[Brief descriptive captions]
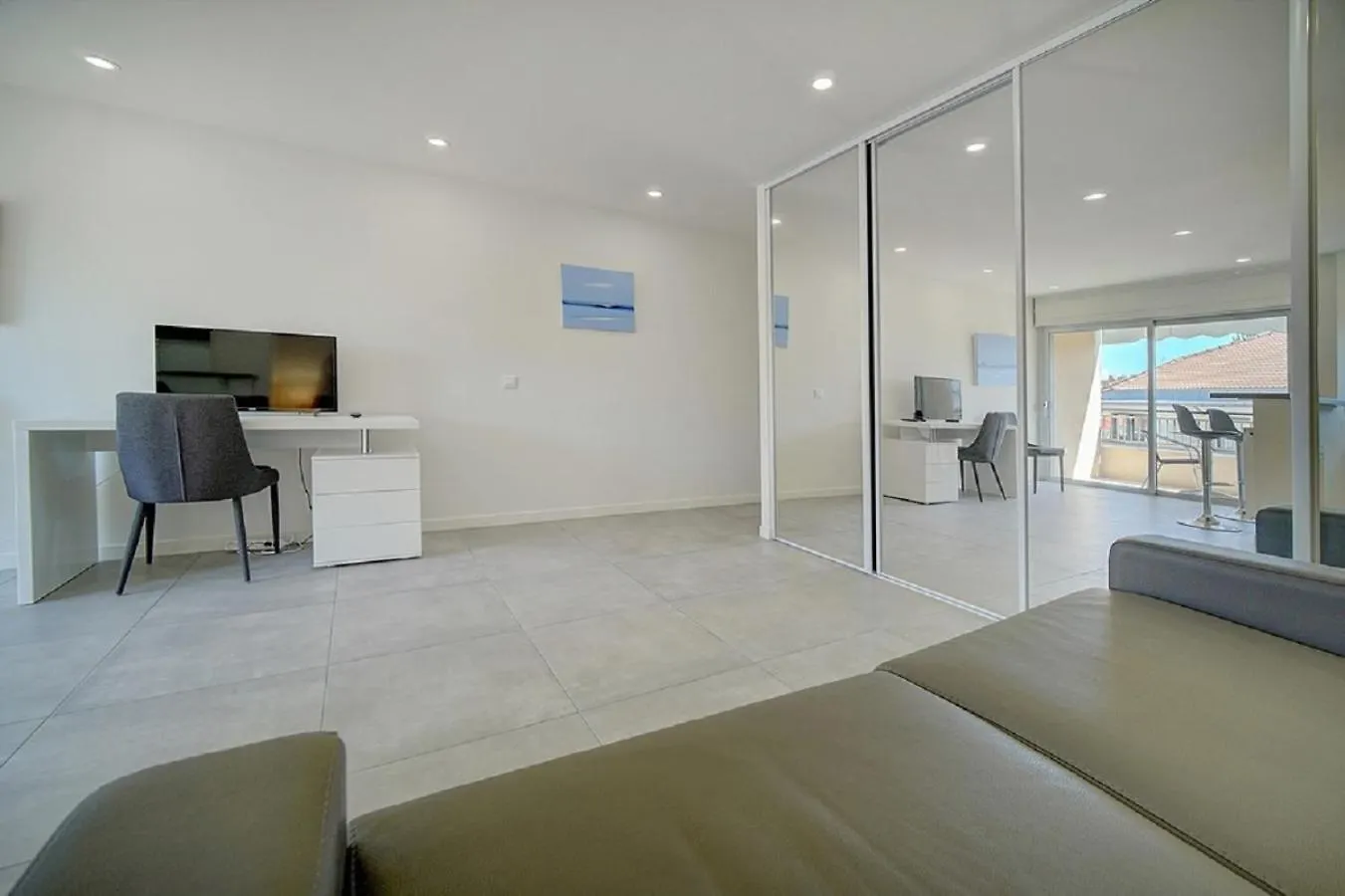 Studio Moderne Renove 2Min Croisette A0B166 Cannes France
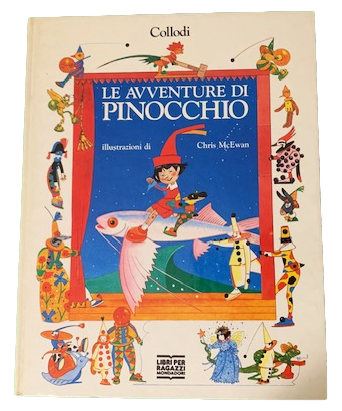 Le Avventure di Pinocchio,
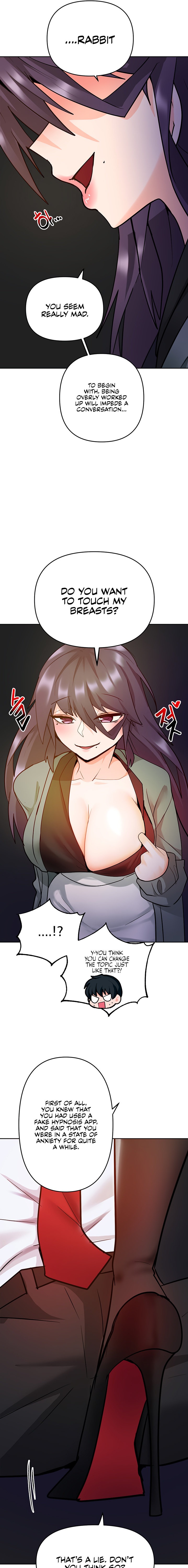 The Hypnosis App was Fake - Chapter 49 [photo 13] - MangaPorn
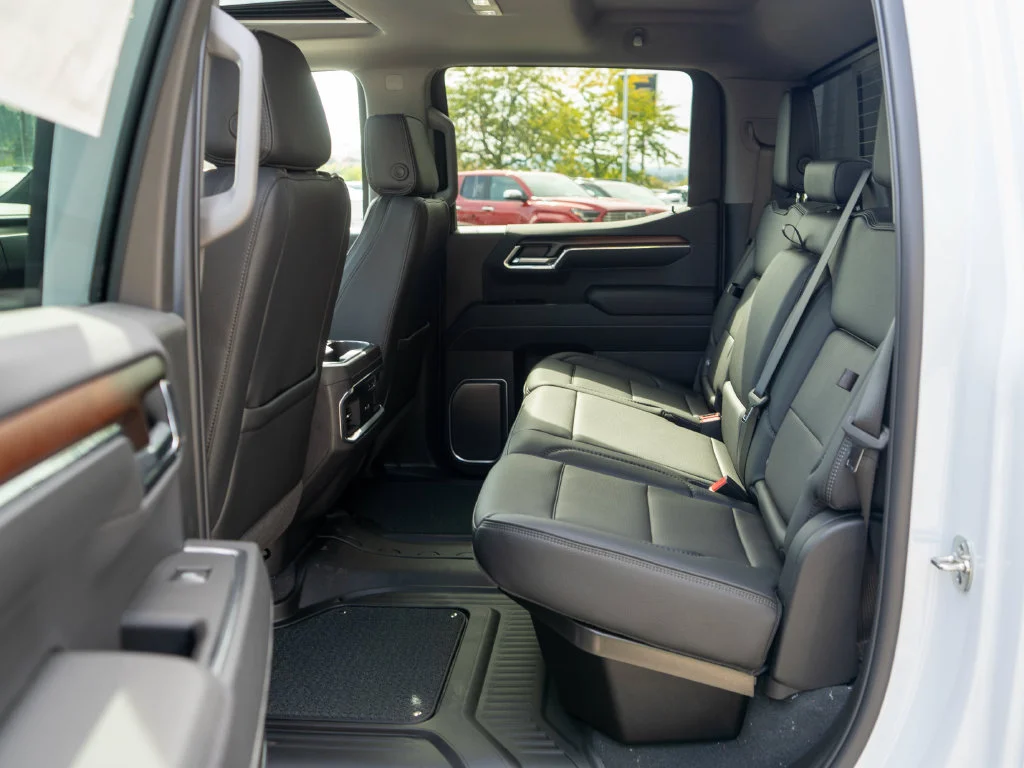 2026 GMC Sierra 1500 Denali - Photo 13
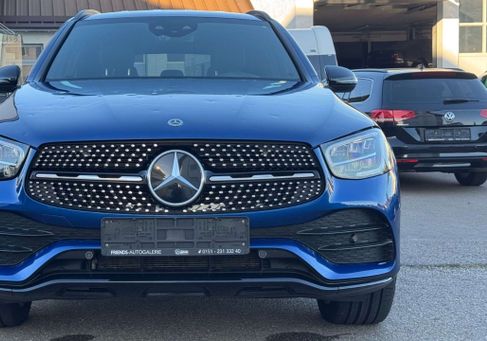 Mercedes-Benz GLC 200, 2022 2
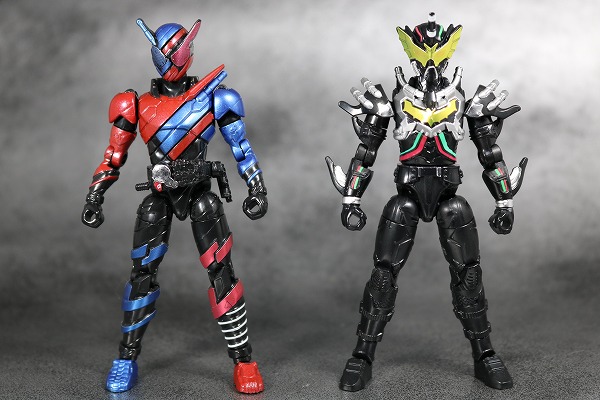 創動　仮面ライダービルド　BUILD2　ナイトローグ　レビュー 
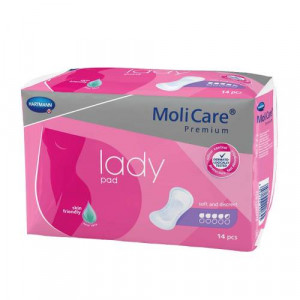 MOLICARE Premium lady Pad 4,5 Tropfen MOLICARE Premium lady Pad 4,5 Tropfen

### [Required work]
Copy the final stretch of lines, starting at the one that holds "2026 GMC Sierra 1500 Denali - Photo 13" and ending at the last line of the data, exactly; omit pictures.

### [Solution below]
 2026 GMC Sierra 1500 Denali - Photo 13
 Mercedes-Benz GLC 200, 2022 2
 創動　仮面ライダービルド　BUILD2　ナイトローグ　レビュー 
 MOLICARE Premium lady Pad 4,5 Tropfen MOLICARE Premium lady Pad 4,5 Tropfen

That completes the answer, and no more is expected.